- DATA SUPPLIED -
*-*-*

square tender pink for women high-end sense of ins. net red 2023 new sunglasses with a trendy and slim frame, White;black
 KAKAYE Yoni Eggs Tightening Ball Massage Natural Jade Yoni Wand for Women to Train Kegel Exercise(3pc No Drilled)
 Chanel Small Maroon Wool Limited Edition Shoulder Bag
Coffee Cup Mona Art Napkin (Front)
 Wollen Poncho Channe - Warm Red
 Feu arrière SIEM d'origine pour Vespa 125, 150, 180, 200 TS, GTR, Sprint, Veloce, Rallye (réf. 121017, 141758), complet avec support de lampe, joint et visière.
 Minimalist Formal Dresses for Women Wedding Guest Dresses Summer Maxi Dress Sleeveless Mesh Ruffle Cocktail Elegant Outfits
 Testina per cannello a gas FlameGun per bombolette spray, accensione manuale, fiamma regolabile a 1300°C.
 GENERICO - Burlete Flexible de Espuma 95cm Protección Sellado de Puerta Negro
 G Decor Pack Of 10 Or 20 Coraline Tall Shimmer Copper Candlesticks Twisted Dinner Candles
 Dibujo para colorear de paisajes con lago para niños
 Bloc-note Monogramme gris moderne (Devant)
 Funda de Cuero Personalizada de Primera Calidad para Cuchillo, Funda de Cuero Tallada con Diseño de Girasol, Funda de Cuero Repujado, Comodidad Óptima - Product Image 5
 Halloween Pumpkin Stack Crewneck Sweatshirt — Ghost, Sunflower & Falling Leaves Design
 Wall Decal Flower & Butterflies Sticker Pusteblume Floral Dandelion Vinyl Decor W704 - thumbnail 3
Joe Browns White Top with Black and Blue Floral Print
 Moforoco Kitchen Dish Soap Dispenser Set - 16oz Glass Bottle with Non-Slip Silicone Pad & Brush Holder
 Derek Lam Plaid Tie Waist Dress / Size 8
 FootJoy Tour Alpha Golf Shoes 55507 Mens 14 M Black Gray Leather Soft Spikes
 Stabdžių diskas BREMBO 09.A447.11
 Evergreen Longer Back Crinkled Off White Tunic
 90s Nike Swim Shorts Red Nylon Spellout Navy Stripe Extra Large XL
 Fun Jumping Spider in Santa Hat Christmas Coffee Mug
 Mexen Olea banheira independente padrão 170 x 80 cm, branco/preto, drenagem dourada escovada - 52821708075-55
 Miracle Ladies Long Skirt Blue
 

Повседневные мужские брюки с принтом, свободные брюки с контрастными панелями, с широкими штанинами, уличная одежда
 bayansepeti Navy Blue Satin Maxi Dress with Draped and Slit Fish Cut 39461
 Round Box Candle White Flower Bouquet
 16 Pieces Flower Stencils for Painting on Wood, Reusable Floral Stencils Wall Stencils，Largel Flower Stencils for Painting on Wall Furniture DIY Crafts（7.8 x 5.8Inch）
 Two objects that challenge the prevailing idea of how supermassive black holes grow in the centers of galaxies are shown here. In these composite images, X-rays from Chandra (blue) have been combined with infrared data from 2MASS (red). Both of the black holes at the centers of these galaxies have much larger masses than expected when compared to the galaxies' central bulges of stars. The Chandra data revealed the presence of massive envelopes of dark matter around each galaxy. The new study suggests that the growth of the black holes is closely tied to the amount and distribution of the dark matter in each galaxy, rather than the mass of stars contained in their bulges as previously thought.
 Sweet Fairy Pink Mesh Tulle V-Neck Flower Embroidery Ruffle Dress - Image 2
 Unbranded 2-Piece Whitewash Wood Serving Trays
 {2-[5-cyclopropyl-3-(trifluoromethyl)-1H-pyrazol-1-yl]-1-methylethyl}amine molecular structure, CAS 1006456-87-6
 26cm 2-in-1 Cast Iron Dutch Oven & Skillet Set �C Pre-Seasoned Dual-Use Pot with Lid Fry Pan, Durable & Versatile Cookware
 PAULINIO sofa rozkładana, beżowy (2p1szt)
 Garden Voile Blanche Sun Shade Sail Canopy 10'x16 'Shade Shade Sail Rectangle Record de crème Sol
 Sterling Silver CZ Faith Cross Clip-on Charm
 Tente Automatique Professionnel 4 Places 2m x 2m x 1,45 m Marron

*-*-*

- TASK DETAILS -
Each line in the data where the string "Maxi" occurs should be identified and copied.

- EXERCISE SOLUTION -
 Minimalist Formal Dresses for Women Wedding Guest Dresses Summer Maxi Dress Sleeveless Mesh Ruffle Cocktail Elegant Outfits
 bayansepeti Navy Blue Satin Maxi Dress with Draped and Slit Fish Cut 39461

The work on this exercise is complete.